Critically, the activation of the insula was not observed in older participants during the local processing, suggesting a salience network impairment with healthy aging. This finding is contrasting with the study by Merenstein et al. [29] as the authors described age-related increases in activation in the insula during a visual search task (conjunction (T/F target letters among rotated Ts and Fs) > feature (T/F target letters among Os) contrast). Their diffusion decision analyses further suggested a significant mediation role of the insula activation in predicting an age-related decrease in the rate of evidence accumulation during the conjunction search. While both studies highlight the involvement of the insula during visual search tasks, it also underscores how the task design (including visual stimuli choices) impacts the activation of the brain network supporting visual processing. Given that the two fMRI tasks have many experimental differences (e.g., stimuli feature choice, number of distractors, distractor types), it is currently unclear what unique aspect may be the cause and it will be therefore essential to further investigate each design in independent studies. However, such large differences are in line with the meta-analysis conducted by Rezvani et al. [15] suggesting that aspects of the perceptual field variables (such as stimulus size, sparsity,…) play a significant role on global precedence during visual processing.

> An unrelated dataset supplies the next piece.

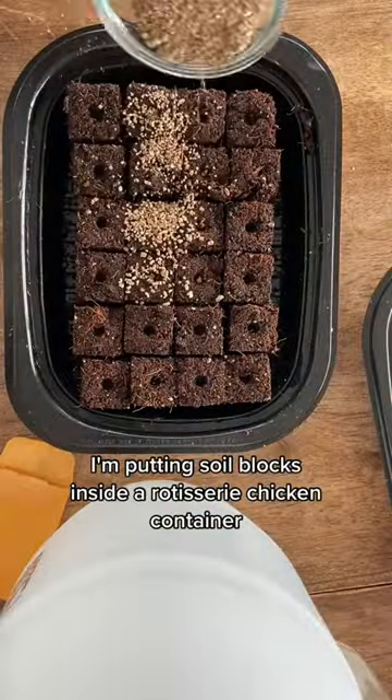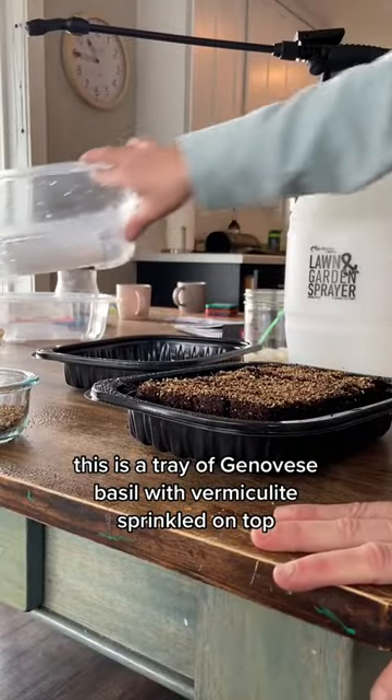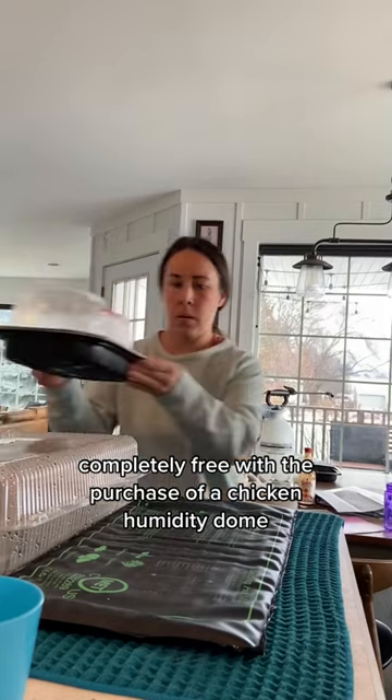So I'm putting soil blocks inside a rotisserie chicken container. This is a tray of Genovese basil with vermiculite sprinkled on top, and I was able to fit 12 cute soil blocks in this homemade, completely free — with the purchase of a chicken — humidity dome.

Other studies, such as resting-state fMRI studies have described large functional alterations in the salience network with healthy aging [48, 49]. In the present study, we further revealed group differences in occipital activation in the most complex conditions between the two age groups. This finding is consistent with several studies such as Cliff et al. [21] which also described age-related modulation of load-dependent neural activation in the visual cortex with increasing processing demands. Two alternative explanations can be then raised: first, reduced activation in the occipital cortex with higher attentional demands with older age may be related to altered top-down mechanism, such as inhibitory control from the frontal lobe, through altered structural and functional connectivity [50, 51]. Such hypothesis has been supported by previous studies from resting-state fMRI and electroencephalography [52] suggesting alteration of the frontal regions with top-down consequences on the visual cortex. As we did not observe activation of the frontal regions in the older group in the condition of larger visual competition, we may interpret such results as less efficient top-down mechanisms [53], which led to significantly more difficulties to ignore visual distractors during local target detection, leading to slower reaction times. Alternatively, our finding may also support the idea of an alteration of the bottom-up mechanism through reduced early sensory processing with healthy aging, in particular for high spatial frequencies that convey local information [54], which may lead less efficient local processing with increasing numbers of distractors, and therefore to reduced communication with the salience network. However, this possibility is less likely because all participants (young and older adults) presented a high level of accuracy, in all experimental conditions.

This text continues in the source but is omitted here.